TASK DIRECTIONS.
Reproduce exactly the lines below, from the first through the one containing "Murugan temples are", and nothing more.

Stored entries:
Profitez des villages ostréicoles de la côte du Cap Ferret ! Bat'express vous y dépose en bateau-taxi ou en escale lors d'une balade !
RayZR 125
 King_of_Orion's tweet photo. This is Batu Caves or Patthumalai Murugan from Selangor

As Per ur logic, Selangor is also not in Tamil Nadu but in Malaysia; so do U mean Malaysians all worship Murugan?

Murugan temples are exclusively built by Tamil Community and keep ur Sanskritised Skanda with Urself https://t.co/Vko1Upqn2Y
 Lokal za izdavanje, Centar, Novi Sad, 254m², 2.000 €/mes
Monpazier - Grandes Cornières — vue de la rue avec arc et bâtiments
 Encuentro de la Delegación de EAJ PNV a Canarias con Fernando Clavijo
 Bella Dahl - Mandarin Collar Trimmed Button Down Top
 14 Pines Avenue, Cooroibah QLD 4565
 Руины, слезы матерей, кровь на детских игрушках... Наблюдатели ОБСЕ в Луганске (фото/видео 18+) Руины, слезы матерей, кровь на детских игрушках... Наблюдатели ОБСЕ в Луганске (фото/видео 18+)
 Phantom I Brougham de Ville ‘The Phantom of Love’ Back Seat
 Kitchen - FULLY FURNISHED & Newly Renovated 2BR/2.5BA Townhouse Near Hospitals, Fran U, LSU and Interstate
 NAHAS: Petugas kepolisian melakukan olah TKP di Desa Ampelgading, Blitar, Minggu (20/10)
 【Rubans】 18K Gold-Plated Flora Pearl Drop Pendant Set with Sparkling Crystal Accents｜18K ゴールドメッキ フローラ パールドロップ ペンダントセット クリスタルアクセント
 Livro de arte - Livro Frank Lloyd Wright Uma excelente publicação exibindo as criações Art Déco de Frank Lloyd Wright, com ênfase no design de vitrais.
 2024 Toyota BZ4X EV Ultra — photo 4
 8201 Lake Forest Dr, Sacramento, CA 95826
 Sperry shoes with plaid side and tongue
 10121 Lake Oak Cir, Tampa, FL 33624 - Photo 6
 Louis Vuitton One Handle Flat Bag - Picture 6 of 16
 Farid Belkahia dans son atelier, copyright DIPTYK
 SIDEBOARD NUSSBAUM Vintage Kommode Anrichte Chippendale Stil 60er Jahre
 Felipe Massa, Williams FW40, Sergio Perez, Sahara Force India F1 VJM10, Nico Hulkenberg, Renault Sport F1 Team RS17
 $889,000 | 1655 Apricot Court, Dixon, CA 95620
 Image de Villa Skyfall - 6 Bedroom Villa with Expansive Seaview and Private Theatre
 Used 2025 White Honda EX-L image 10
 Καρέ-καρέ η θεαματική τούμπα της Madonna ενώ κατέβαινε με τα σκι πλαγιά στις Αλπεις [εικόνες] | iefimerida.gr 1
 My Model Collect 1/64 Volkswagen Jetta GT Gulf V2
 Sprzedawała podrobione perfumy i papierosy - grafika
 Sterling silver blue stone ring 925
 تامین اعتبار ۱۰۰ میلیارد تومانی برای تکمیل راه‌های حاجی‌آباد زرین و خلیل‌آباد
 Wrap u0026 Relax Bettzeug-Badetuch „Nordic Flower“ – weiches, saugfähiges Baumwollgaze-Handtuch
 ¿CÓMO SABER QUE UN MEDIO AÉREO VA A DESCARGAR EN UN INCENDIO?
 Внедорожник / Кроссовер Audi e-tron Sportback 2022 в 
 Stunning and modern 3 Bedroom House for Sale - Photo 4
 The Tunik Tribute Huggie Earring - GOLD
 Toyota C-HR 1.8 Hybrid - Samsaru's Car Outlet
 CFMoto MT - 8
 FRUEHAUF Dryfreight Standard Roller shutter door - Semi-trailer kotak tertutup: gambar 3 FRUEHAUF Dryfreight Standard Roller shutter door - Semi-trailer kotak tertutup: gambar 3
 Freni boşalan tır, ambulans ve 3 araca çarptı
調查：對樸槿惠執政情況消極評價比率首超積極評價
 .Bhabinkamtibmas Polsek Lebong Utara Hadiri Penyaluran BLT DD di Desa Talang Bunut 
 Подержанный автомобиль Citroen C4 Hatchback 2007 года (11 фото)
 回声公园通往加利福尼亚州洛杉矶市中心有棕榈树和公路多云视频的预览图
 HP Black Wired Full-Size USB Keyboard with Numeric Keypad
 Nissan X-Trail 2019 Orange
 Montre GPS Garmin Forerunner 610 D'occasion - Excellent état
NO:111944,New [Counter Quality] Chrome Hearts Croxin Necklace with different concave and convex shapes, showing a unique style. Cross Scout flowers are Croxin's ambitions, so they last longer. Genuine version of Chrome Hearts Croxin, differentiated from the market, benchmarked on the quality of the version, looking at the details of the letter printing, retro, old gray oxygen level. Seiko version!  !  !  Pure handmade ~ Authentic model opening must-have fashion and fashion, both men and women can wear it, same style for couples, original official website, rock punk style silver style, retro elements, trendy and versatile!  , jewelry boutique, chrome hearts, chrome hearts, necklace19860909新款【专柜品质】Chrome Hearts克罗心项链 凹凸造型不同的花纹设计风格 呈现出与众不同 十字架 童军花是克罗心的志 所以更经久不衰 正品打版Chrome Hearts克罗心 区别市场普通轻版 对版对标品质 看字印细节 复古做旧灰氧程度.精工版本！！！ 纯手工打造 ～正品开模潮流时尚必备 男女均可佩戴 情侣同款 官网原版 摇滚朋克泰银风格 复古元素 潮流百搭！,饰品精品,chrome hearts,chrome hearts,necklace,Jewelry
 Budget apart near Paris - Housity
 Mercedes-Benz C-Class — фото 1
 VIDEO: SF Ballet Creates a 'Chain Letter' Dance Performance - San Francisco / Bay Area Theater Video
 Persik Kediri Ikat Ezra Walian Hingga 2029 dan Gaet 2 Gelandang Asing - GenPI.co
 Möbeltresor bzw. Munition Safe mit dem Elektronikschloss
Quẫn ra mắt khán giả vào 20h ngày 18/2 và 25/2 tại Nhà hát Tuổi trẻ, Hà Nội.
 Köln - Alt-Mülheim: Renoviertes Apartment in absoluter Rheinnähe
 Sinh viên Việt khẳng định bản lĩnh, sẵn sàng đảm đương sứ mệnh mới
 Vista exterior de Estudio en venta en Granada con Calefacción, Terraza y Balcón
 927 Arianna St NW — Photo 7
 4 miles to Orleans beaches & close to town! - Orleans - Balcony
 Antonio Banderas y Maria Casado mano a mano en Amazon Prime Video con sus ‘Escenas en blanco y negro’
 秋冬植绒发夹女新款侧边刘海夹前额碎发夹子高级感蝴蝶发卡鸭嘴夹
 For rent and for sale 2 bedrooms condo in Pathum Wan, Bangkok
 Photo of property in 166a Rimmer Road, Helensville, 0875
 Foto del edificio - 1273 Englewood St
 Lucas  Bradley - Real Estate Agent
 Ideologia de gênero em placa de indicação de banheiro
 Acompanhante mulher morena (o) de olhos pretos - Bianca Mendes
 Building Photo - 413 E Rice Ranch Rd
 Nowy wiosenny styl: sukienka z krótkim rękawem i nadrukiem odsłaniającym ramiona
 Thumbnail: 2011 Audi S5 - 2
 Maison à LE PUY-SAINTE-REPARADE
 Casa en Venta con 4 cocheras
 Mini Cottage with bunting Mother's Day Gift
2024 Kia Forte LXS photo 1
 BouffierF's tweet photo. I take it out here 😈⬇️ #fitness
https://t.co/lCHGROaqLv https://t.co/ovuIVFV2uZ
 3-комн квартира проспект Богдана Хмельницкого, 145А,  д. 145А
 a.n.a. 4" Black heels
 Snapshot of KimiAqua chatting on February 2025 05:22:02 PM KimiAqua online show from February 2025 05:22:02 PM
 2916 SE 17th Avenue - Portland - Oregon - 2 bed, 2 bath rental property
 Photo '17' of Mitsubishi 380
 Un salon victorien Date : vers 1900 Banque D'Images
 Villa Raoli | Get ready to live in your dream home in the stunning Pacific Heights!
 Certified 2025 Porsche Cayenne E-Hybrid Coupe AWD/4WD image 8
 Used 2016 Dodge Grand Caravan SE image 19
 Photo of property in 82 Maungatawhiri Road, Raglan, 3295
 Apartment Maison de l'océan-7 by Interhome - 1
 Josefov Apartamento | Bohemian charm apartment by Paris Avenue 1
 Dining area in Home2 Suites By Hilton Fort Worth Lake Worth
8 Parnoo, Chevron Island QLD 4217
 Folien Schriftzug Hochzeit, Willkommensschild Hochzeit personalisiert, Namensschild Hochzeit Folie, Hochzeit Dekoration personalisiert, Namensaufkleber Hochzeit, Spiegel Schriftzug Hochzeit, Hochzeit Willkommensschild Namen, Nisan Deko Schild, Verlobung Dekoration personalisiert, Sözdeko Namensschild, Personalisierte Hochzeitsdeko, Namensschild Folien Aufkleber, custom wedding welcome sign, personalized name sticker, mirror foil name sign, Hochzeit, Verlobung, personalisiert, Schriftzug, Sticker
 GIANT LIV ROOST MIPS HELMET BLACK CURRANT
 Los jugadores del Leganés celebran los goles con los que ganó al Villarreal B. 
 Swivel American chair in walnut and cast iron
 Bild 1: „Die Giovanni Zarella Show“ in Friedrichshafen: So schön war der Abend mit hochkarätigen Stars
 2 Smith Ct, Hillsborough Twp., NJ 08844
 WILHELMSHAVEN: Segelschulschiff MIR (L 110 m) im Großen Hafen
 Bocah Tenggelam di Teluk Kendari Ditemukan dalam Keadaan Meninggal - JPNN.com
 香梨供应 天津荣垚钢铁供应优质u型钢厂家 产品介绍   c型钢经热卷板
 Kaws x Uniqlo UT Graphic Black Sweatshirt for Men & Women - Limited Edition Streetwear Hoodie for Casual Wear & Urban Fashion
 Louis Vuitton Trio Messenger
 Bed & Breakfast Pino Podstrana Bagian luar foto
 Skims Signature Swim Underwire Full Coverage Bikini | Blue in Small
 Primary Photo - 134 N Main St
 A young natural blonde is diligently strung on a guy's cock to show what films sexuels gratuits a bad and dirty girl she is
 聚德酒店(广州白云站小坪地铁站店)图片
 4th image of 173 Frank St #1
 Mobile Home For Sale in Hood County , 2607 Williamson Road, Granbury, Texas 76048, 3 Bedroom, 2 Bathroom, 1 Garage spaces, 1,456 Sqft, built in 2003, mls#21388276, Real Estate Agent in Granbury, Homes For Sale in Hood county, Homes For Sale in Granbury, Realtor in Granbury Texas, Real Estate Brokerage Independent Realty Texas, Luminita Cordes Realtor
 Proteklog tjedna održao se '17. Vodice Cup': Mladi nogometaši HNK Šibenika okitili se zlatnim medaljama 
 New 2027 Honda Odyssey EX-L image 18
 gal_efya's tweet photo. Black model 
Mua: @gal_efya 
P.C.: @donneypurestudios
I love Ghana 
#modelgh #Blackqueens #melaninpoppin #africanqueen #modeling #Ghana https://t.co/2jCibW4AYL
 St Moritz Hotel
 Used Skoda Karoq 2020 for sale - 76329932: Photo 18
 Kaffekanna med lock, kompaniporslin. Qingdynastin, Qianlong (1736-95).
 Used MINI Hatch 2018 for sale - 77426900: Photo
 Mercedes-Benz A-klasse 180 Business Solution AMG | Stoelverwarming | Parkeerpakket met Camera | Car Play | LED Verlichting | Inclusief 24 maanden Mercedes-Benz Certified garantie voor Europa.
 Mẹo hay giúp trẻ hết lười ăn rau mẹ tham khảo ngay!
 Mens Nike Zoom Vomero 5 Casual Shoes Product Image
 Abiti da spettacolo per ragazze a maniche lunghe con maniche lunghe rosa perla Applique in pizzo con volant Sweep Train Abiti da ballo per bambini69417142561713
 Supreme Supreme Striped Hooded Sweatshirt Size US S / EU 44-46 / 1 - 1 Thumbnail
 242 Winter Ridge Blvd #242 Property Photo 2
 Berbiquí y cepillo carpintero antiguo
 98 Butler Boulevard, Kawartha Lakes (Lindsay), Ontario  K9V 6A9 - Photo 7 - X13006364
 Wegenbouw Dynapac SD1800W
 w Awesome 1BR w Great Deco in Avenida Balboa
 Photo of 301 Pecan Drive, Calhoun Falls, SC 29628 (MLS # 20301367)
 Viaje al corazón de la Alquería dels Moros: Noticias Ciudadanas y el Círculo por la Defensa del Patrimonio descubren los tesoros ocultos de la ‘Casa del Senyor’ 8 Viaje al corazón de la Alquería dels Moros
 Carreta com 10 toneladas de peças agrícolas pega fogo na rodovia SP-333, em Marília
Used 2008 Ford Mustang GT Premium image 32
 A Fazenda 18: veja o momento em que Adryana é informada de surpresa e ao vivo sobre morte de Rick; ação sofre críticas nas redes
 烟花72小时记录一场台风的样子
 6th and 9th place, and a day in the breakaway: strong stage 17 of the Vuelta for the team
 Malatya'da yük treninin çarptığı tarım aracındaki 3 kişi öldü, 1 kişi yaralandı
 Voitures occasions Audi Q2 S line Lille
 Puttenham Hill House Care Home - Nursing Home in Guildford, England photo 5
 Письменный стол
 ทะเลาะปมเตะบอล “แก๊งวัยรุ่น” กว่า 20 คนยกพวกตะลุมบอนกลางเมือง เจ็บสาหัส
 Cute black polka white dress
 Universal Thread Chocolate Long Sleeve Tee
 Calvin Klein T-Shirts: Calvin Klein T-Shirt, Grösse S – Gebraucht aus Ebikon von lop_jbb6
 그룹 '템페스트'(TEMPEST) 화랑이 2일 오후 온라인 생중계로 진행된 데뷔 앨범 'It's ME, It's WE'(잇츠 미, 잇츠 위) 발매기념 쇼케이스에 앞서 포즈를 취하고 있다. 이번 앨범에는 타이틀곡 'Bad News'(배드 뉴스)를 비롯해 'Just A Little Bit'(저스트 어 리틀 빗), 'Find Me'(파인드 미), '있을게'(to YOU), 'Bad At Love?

SOLUTION BELOW.
Profitez des villages ostréicoles de la côte du Cap Ferret ! Bat'express vous y dépose en bateau-taxi ou en escale lors d'une balade !
RayZR 125
 King_of_Orion's tweet photo. This is Batu Caves or Patthumalai Murugan from Selangor

As Per ur logic, Selangor is also not in Tamil Nadu but in Malaysia; so do U mean Malaysians all worship Murugan?

Murugan temples are exclusively built by Tamil Community and keep ur Sanskritised Skanda with Urself https://t.co/Vko1Upqn2Y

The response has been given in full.